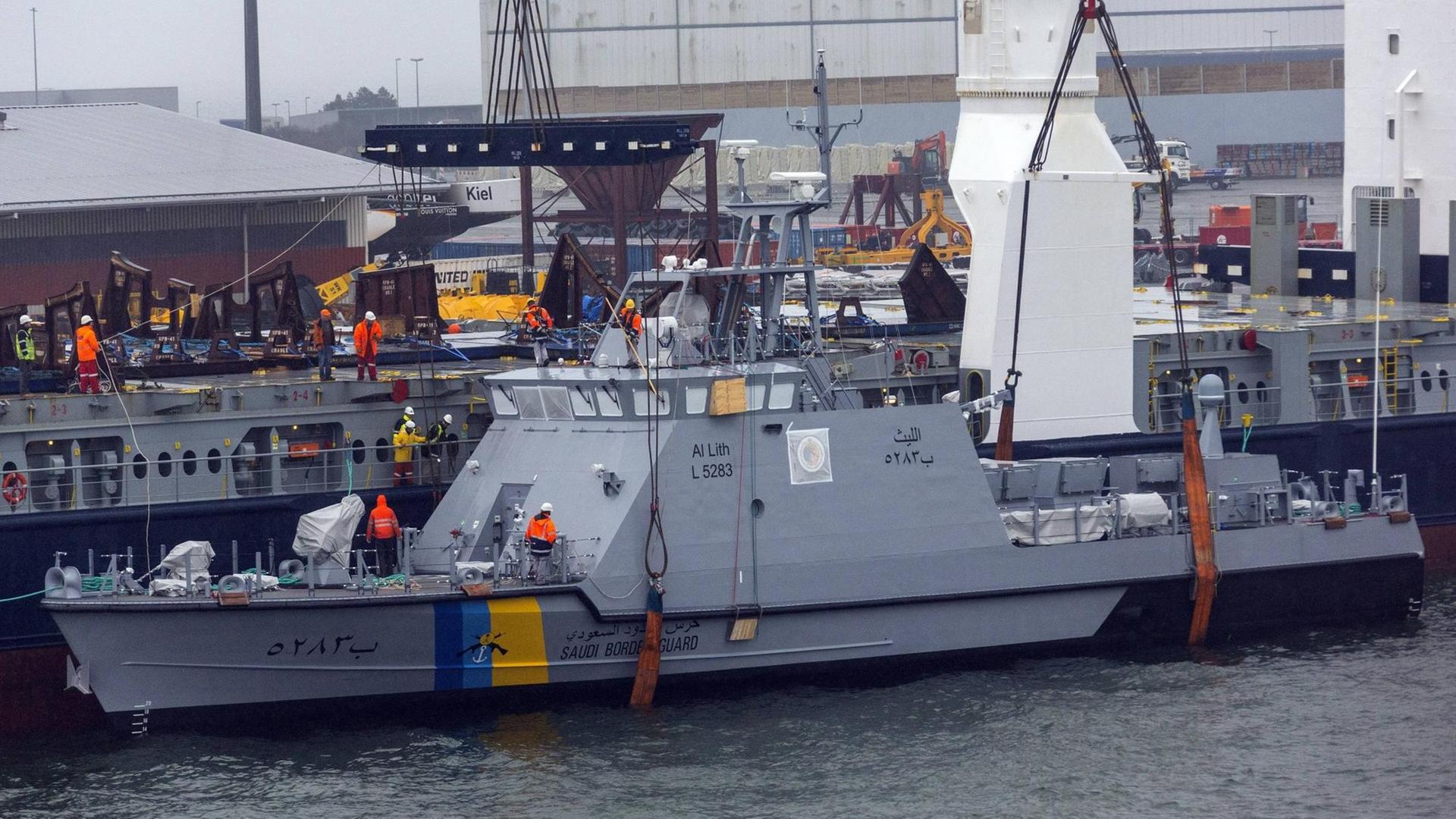 Ein Patrouillenboot für Saudi-Arabien wird im Hafen Sassnitz-Mukran auf der Insel Rügen verladen Ein Patrouillenboot für Saudi-Arabien wird im Hafen Sassnitz-Mukran auf der Insel Rügen verladen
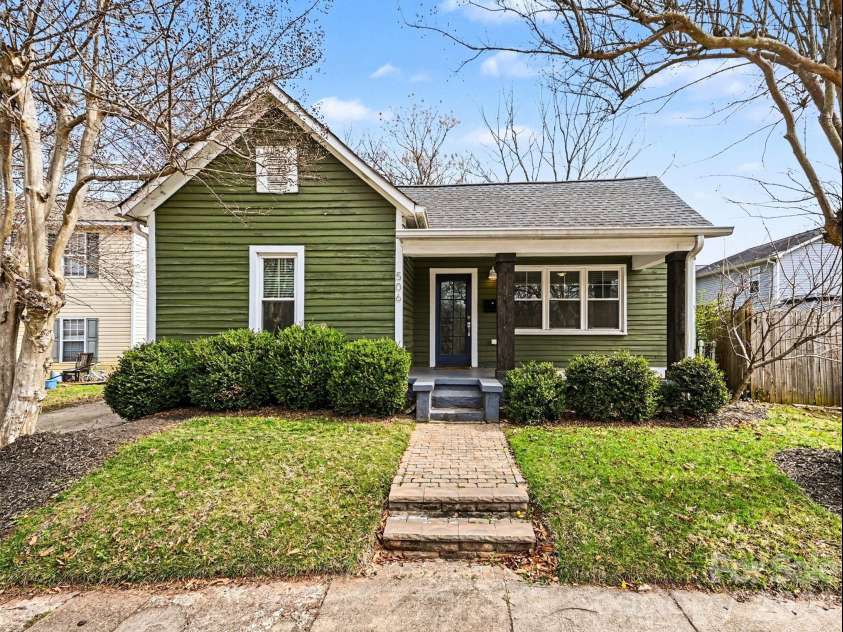506 Campus Street, Charlotte, NC 28216.  MLS# CAR4351057, YatesRealty ID 9986. Front Exterior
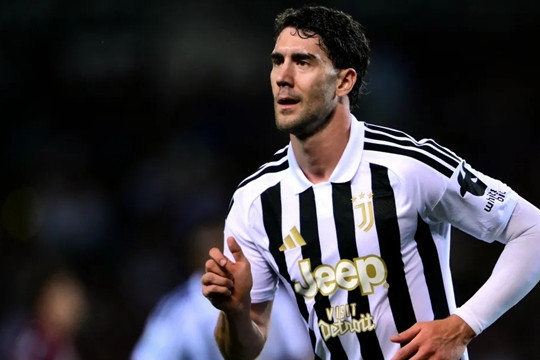 Manchester United bế tắc thương vụ Dusan Vlahovic vì rào cản lương thưởng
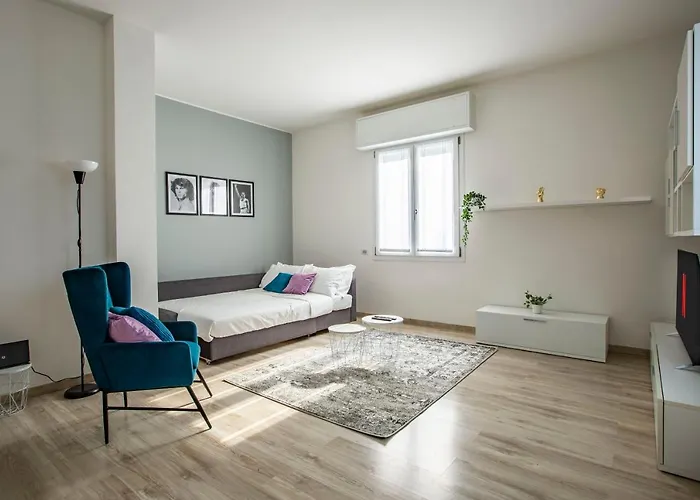 Moderno E Spazioso, A Due Passi Dal - Pet Friendly * Longone al Segrino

What to work on =
Word for word, please, restate the lines of the listing from the one holding "Manchester United bế" down to the last line, leaving out any pictures.

Solution to the problem =
 Manchester United bế tắc thương vụ Dusan Vlahovic vì rào cản lương thưởng
 Moderno E Spazioso, A Due Passi Dal - Pet Friendly * Longone al Segrino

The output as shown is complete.